• _INPUT DATA_
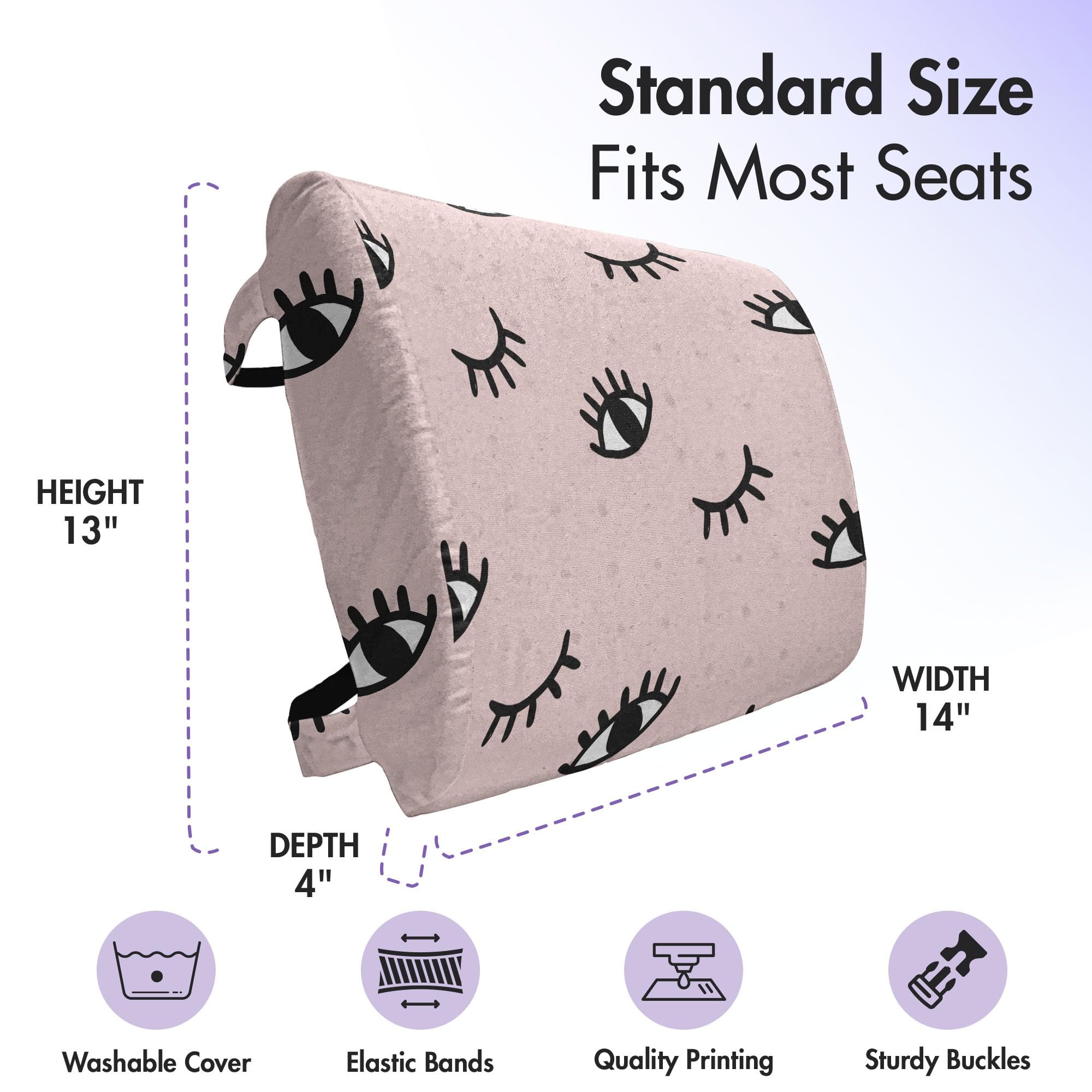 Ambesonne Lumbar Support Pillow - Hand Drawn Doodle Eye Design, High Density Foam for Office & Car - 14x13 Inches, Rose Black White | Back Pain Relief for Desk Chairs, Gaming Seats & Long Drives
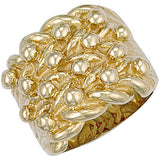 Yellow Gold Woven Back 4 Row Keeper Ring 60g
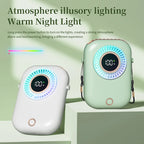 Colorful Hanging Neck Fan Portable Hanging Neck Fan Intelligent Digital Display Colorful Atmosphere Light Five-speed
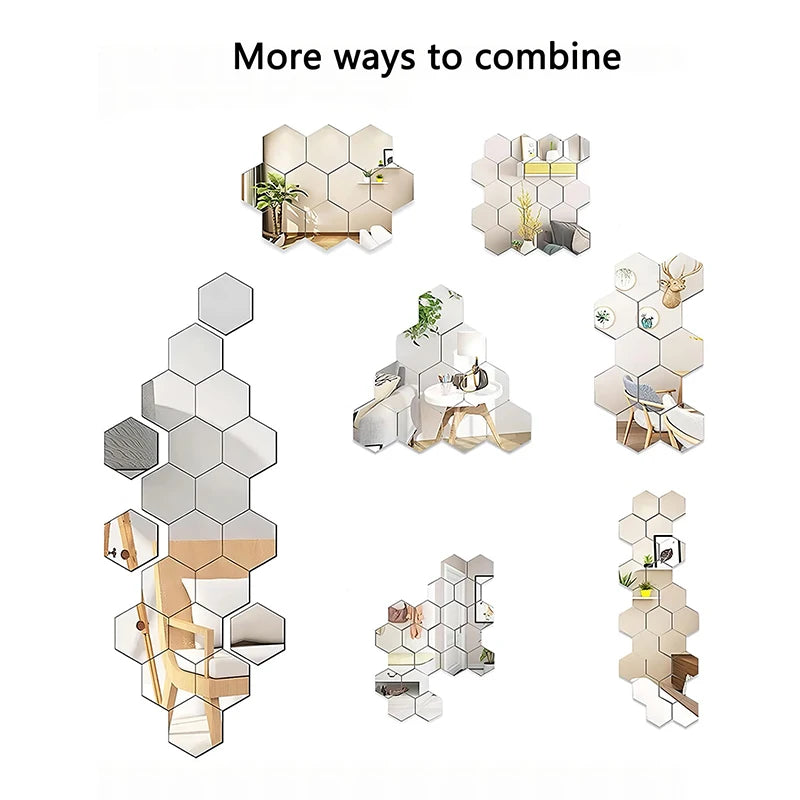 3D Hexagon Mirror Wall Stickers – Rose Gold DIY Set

• _TASK BRIEF_
The data must come back word for word, with every picture removed.

• _RESPONSE_
 Ambesonne Lumbar Support Pillow - Hand Drawn Doodle Eye Design, High Density Foam for Office & Car - 14x13 Inches, Rose Black White | Back Pain Relief for Desk Chairs, Gaming Seats & Long Drives
 Yellow Gold Woven Back 4 Row Keeper Ring 60g
 Colorful Hanging Neck Fan Portable Hanging Neck Fan Intelligent Digital Display Colorful Atmosphere Light Five-speed
 3D Hexagon Mirror Wall Stickers – Rose Gold DIY Set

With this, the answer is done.